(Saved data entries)
+ + + + +

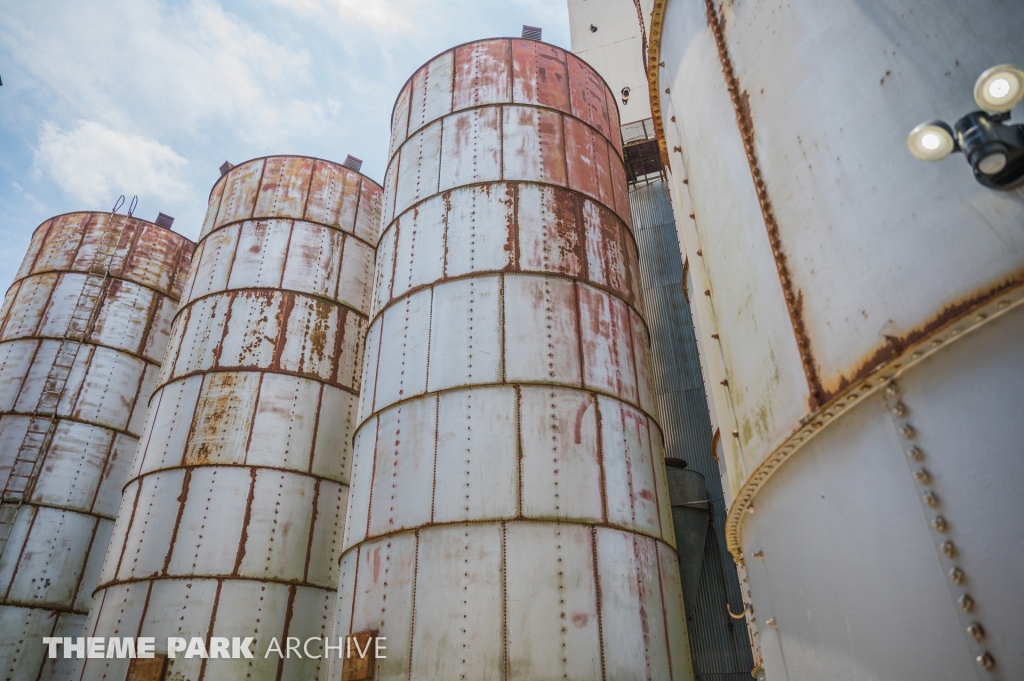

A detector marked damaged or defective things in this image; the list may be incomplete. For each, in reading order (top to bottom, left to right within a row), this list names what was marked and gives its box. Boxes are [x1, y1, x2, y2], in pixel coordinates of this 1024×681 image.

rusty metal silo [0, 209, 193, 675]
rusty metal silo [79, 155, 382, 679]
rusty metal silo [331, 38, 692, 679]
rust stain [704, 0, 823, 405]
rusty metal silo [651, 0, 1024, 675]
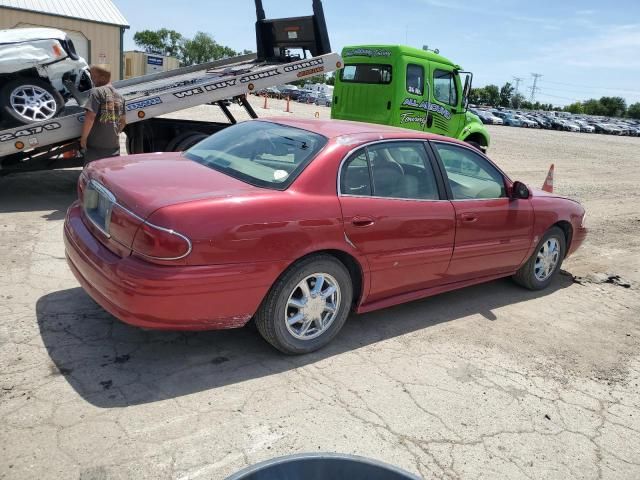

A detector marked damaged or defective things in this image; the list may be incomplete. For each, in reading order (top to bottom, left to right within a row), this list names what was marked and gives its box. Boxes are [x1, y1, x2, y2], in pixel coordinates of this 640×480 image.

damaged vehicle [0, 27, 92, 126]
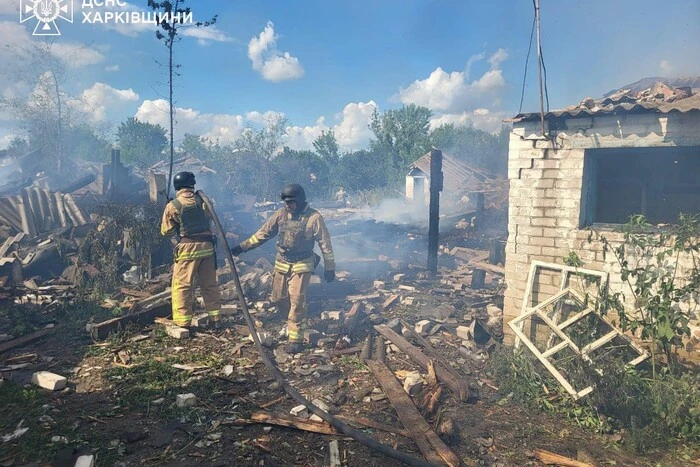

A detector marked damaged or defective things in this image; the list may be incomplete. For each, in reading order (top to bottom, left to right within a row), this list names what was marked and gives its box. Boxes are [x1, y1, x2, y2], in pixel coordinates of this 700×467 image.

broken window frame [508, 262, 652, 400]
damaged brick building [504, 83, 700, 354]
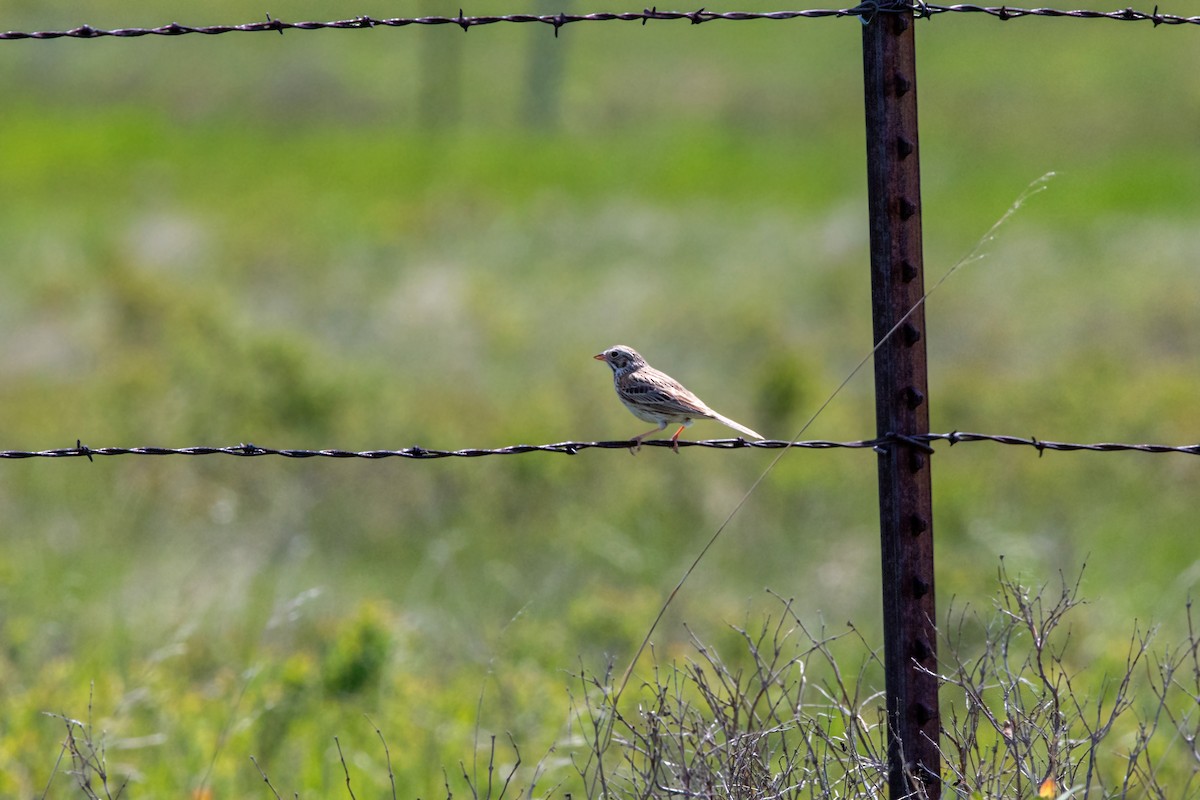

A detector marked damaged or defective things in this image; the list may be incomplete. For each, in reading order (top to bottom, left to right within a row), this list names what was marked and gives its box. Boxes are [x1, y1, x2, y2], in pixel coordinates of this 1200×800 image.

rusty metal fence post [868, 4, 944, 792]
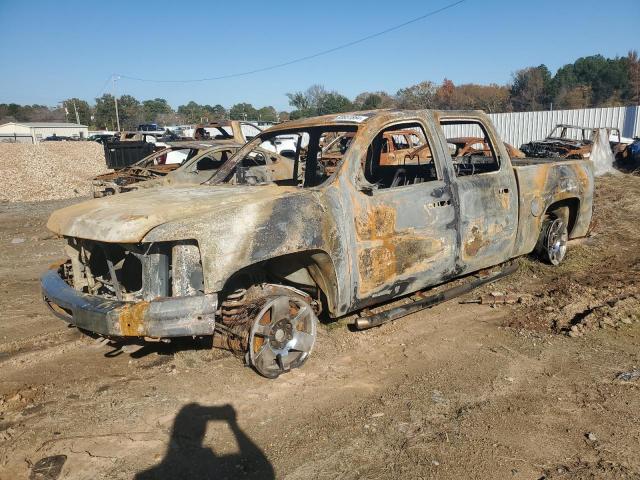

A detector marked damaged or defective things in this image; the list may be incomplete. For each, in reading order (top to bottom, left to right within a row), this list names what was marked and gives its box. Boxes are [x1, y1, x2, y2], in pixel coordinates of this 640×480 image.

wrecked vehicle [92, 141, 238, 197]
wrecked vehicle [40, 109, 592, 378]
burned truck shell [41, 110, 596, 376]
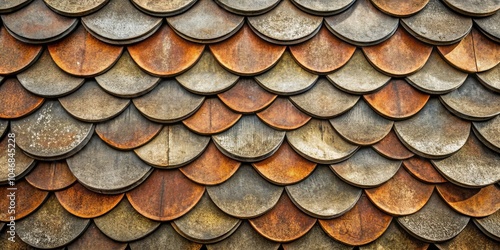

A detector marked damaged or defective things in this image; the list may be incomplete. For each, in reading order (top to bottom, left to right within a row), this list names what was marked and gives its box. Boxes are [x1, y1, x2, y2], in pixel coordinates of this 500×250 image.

+ + + + +

• WHAT TO PRODUCE: Leave out the images and copy all remaining data word for word.

• COMPLETED EXERCISE:
A detector marked damaged or defective things in this image; the list may be incomplete. For each, in reading order (top to bottom, left to right within a row), this list names what was marked and gives its box. Boxes are [x1, y1, x2, y2], in pixel coordinates of this 1024×681 image.

rusty metal silo [0, 209, 193, 675]
rusty metal silo [79, 155, 382, 679]
rusty metal silo [331, 38, 692, 679]
rust stain [704, 0, 823, 405]
rusty metal silo [651, 0, 1024, 675]

A detector marked damaged or defective things in this image; the list may be incomplete. For each, in reading order (top to bottom, left to right within a row), this list names what was marked and gives its box. Boxes are [x1, y1, x2, y2], in pixel coordinates of this 640×480 image.

damaged vehicle [0, 27, 92, 126]

A detector marked damaged or defective things in this image; the list may be incomplete. For each, in reading order (top to bottom, left to right within a row), this list names what was marked and gives its box. Boxes are [x1, y1, x2, y2], in pixel coordinates of this 700×467 image.

broken window frame [508, 262, 652, 400]
damaged brick building [504, 83, 700, 354]

A detector marked damaged or defective things in this image; the list may be incomplete. For each, in reading order (top to bottom, left to right within a row), this list names what was marked and gives its box. Boxes are [x1, y1, x2, y2], in pixel coordinates of this 1200×800 image.

rusty metal fence post [868, 4, 944, 792]

A detector marked damaged or defective things in this image; the list may be incomplete. For each, in reading order (top to bottom, left to right within a row), this list names what was marked and gives its box. Boxes are [x1, y1, x2, y2], in pixel coordinates of this 640×480 image.

wrecked vehicle [92, 141, 238, 197]
wrecked vehicle [40, 109, 592, 378]
burned truck shell [41, 110, 596, 376]

A detector marked damaged or defective things in this image; the list may be incomplete. For each, in reading order (top to bottom, left to right within a row), this list names what was marked and gives its box. Boxes are [x1, y1, x2, y2], in pixel coordinates of this 500×250 image.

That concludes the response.